(Stored records)
>>>>
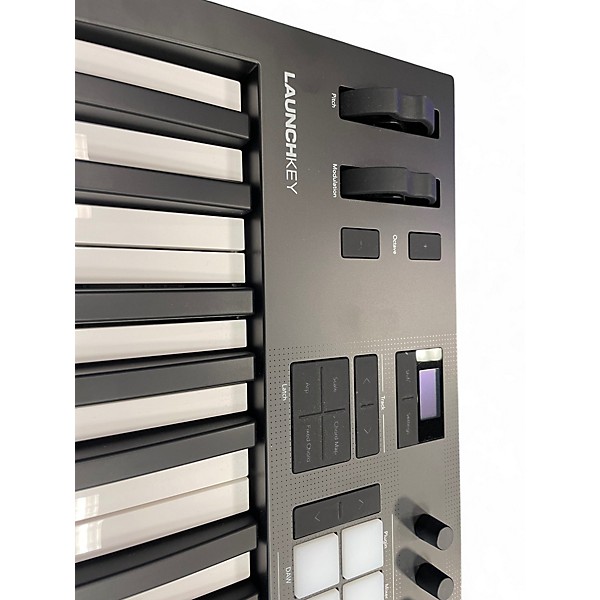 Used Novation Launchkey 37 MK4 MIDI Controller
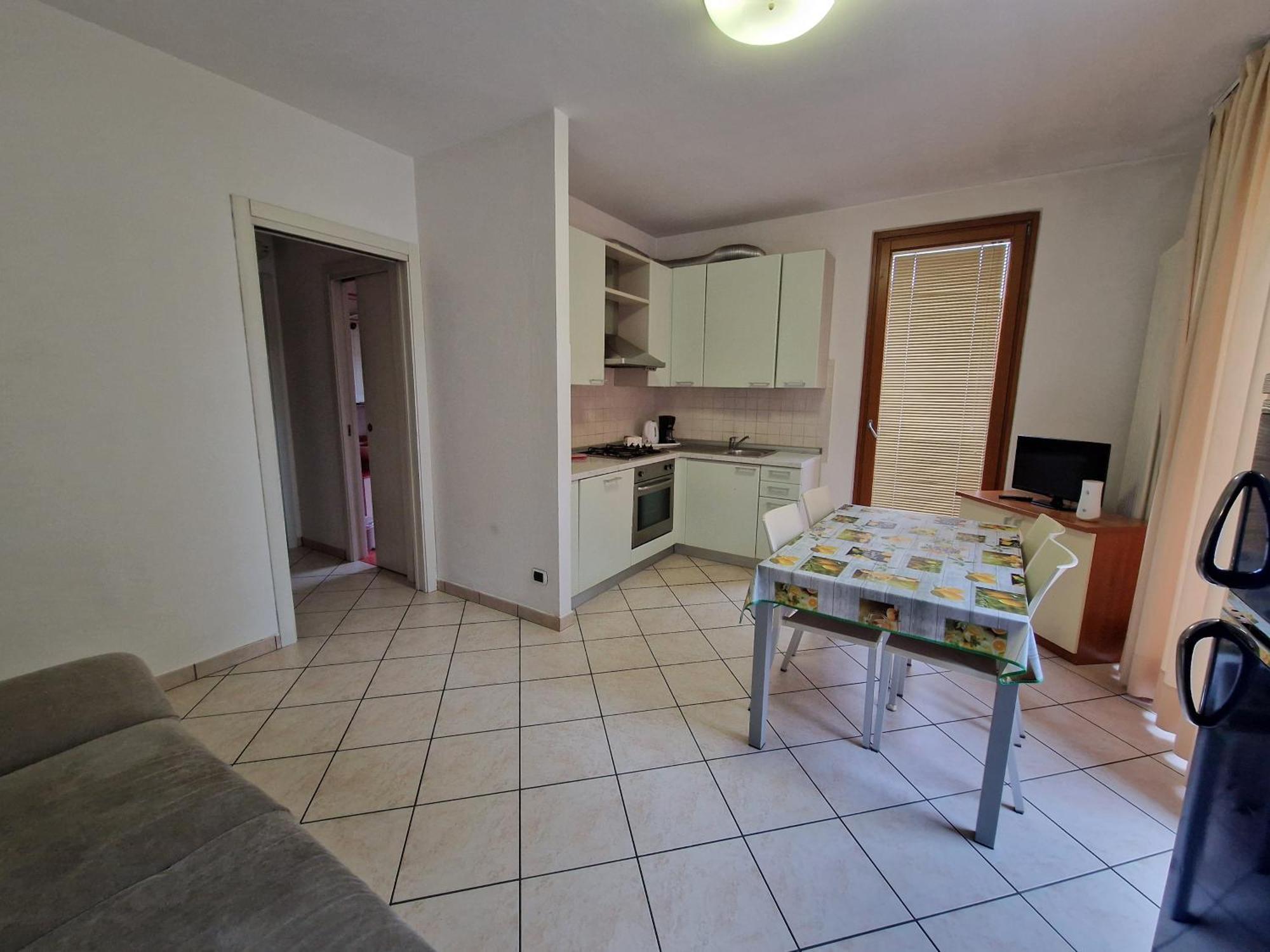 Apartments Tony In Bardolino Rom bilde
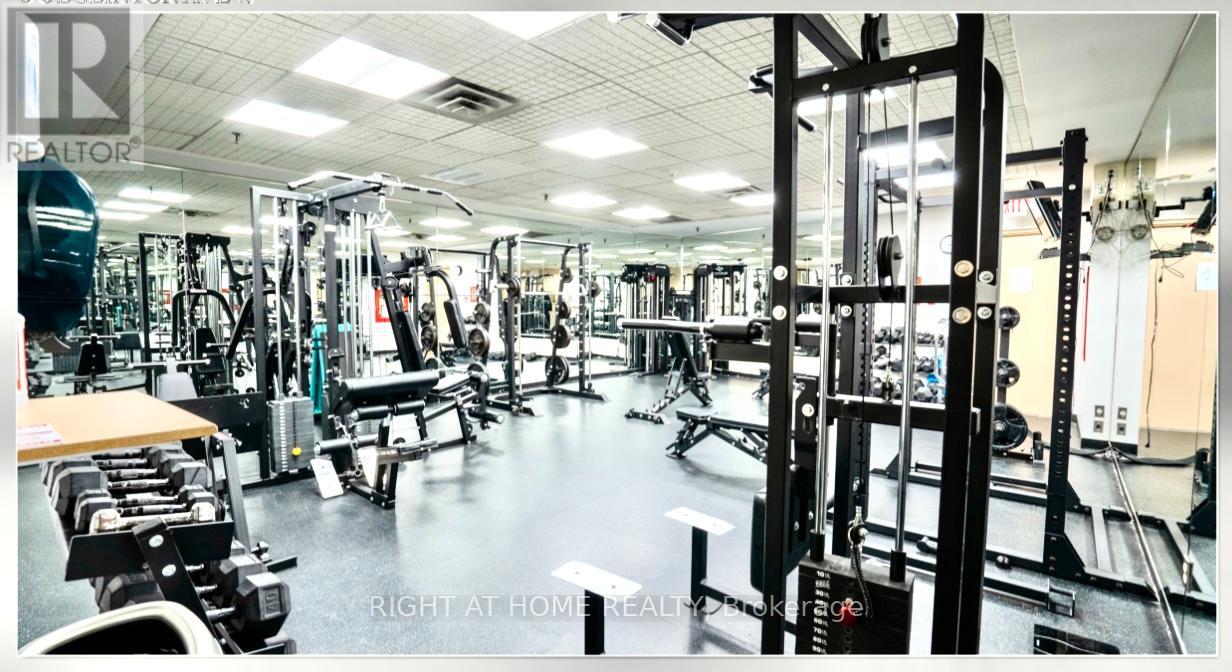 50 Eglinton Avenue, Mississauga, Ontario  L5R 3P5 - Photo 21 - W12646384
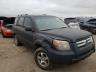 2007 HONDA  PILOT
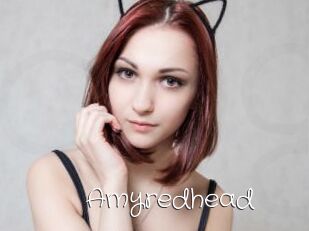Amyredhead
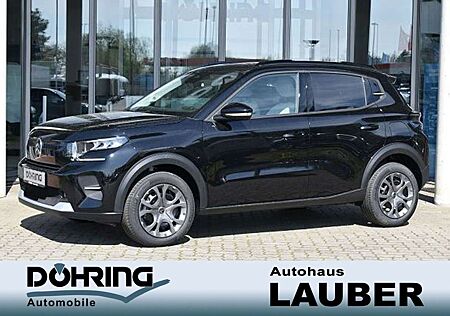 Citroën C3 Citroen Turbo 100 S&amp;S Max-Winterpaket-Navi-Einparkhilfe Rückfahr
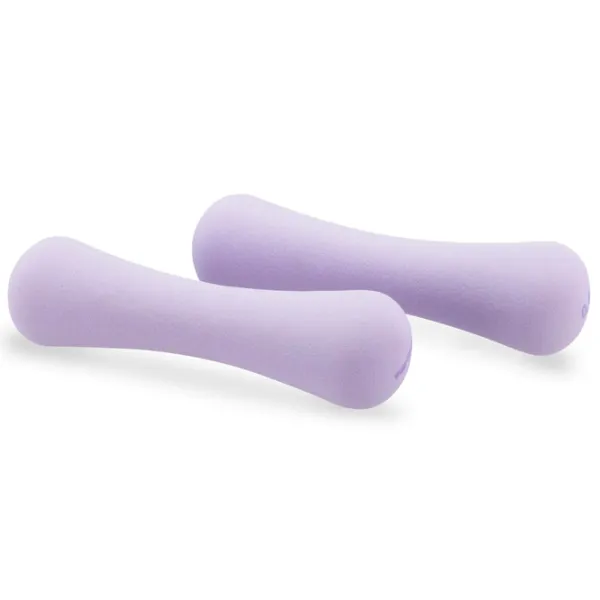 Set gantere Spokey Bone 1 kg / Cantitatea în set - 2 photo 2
<<<<
**DIRECTIONS FOR THIS TASK**
Quote only the lines that start at the line holding "Apartments Tony In Bardolino Rom bilde" and end at the last line of the entries, including both of those lines, and omit every picture.

**THE ANSWER**
 Apartments Tony In Bardolino Rom bilde
 50 Eglinton Avenue, Mississauga, Ontario  L5R 3P5 - Photo 21 - W12646384
 2007 HONDA  PILOT
Amyredhead
 Citroën C3 Citroen Turbo 100 S&amp;S Max-Winterpaket-Navi-Einparkhilfe Rückfahr
 Set gantere Spokey Bone 1 kg / Cantitatea în set - 2 photo 2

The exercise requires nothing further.